Bir arkadaşımla Safer ayından bahsediyorduk geçenlerde. Bu ay şöyledir, böyledir, sabır ayıdır vs, vs, konuştuk epeyce. Hakikaten de bu ay içinde çok çeşitli sıkıntıların yaşandığına şahit olmuştuk birlikte. Bir arkadaşımızı kaybetmiş, birkaç arkadaşımız kaza geçirmiş, türlü hastalıklar görmüştük. Bunları hatırlatarak yakındık bir süre. Derken, arkadaşım önemli bir uyarıda bulundu; Safer ayının bir uğursuz aymış gibi algılanmasının da yanlış olacağını söyledi. Bu aydan bu kadar şikayet etmenin, bu aya türlü olumsuz anlamlar yüklemenin giderek bu aya nahoş bir gözle bakmamıza yol açacağını ifade etti. Düşündüm, elhak doğru söylüyor. Aylar Allah Sübhanehu ve Tealâ hazretlerinin ayları. Kimine bir sırrı gizlemiş, kimine bir başka sırrı. Her biri onun esmasının türlü tecellilerine birer ayna, birer sofra. Aklıma bir hadis-i şerif geldi: “Dehr’e (zamana) sövmeyin.” buyuruyor ya Cenab-ı Rasul s.a.v.; dehr’e, günlere, aylara sövmemek icap eder. Arkasındaki Fail’e ta’n etmeye varır iş çünkü, neûzübillah...

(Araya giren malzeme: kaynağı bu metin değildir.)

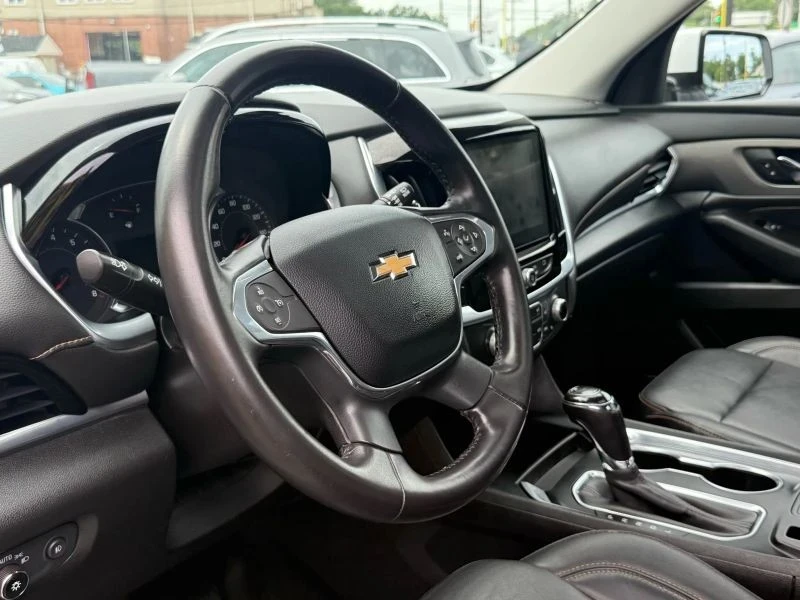 2019 Chevrolet Traverse - Image 9 of 12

Bir başka hakikate de yine bir Allah dostunun bir nutk-ı şerifinde tesadüf etmiştim. “Allah” demiş o zat, “Zülcelâl ve’l-ikram’dır. Yani celâl, azamet ama aynı zamanda ikram sahibidir. Celâline sabırla karşılık verenlere ikramda bulunur elbette.”

Muharrem, derken Safer, Rebiulevvel... sonra diğerleri, mübarek üç aylar... Her biri bir sır için kurulmuş, duyanlara, duyarlı kalplere vakti gelince alarm veriyor. Kiminde Aşure var, sonra Şehidân-ı Kerbela’nın hüznü var; kiminde celâlî tecelliler var; kiminde Mevlid var; kiminde ise Miraç, oruç, hac... Ayların sahibi her birini bezemiş, her bir ayın içinde gaflet ehline randevular vermiş. Hakikat ehli için zaten her gelen Hızır, her gece ise Kadir.

Sevgili kardeşim,

Her bir nefesi alırken Cemal tecellisiyle aldığımızı, verirken Celâl tecellisiyle verdiğimizi haber veriyor arifler. Her bir nefes alış-verişimizde ölüyor, yeniden diriliyoruz. Bu nefes şuuruna, bu nefes terbiyesine sahip oluruz inşallah. Bu nefes şuuruna sahip olursak, “Allah’a nefesler adedince yol vardır” sözünün hikmetlerinden birine vakıf olabiliriz. Bu şuurun eşlik ettiği her bir nefes bizi terakki ettiren, yücelten birer vesileye dönüşür o vakit.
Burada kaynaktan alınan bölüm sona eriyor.